Rod cutting problem
Posted: 24 Oct, 2020
Given a rod of length ‘N’ units. The rod can be cut into different sizes and each size has a cost associated with it. Determine the maximum cost obtained by cutting the rod and selling its pieces.
1. The sizes will range from 1 to ‘N’ and will be integers. 2. The sum of the pieces cut should be equal to ‘N’. 3. Consider 1-based indexing.
The first line of input contains an integer ‘T’ denoting the number of test cases. The next 2 * T lines represent the ‘T’ test cases. The first line of each test case contains an integer ‘N’ denoting the length of the rod. The second line of each test case contains a vector ’A’, of size ‘N’ representing the cost of different lengths, where each index of the array is the sub-length and the element at that index is the cost for that sub-length.
Since 1-based indexing is considered, the 0th index of the vector will represent sub-length 1 of the rod. Hence the (N - 1)th index would represent the cost for the length ‘N’.
For each test case, print a single line that contains a single integer which is the maximum cost obtained by selling the pieces. The output of each test case will be printed in a separate line.
You do not need to print anything; it has already been taken care of. Just implement the given function.
1 <= T <= 50 1 <= N <= 100 1 <= A[i] <= 100 Where ‘T’ is the total number of test cases, ‘N’ denotes the length of the rod, and A[i] is the cost of sub-length. Time limit: 1 sec.
- This is a recursive approach.
- Initialize a variable ‘MAXCOST’ to INT_MIN;
- In each recursive function call, run a loop where ‘I’ ranges from 0 to ‘N - 1’, and partition the rod of length ‘N’ into two parts, ‘I’ and ‘N - I’.
- Example For a rod of length 5, for 'I' = 2, the two partitions will be 2 and 3.
1. Take ‘I’ as the first cut in the rod and keep it constant.
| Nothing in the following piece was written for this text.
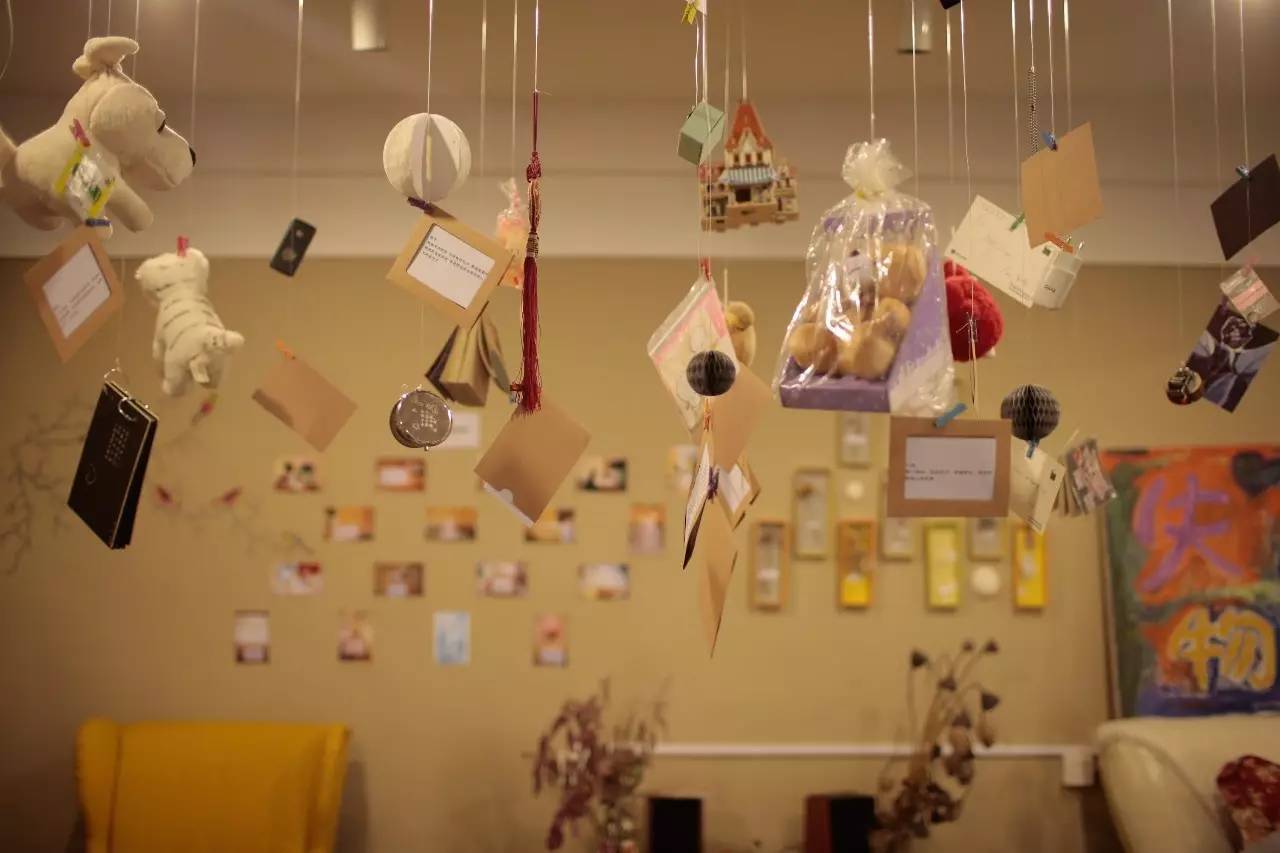 ▲失戀博物館里展示的失戀物品。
Now, a rod of ‘N - I - 1’ remains. Pass the remaining rod of size ‘N - I - 1’ to the recursion.
2. Step 1 continues until it hits the base condition, which is when the length of the rod becomes zero.
3. When the recursion hits the base condition, the cost of a particular configuration is obtained.
4. Compare it with the ‘MAXCOST’ variable and store the maximum of the cost in variable ‘MAXCOST’.
- For every ‘I’ as an initial sub-length, different configurations are obtained and compared to the ‘MAXCOST’ variable.
- Lastly, ‘MAXCOST’ contains the final answer.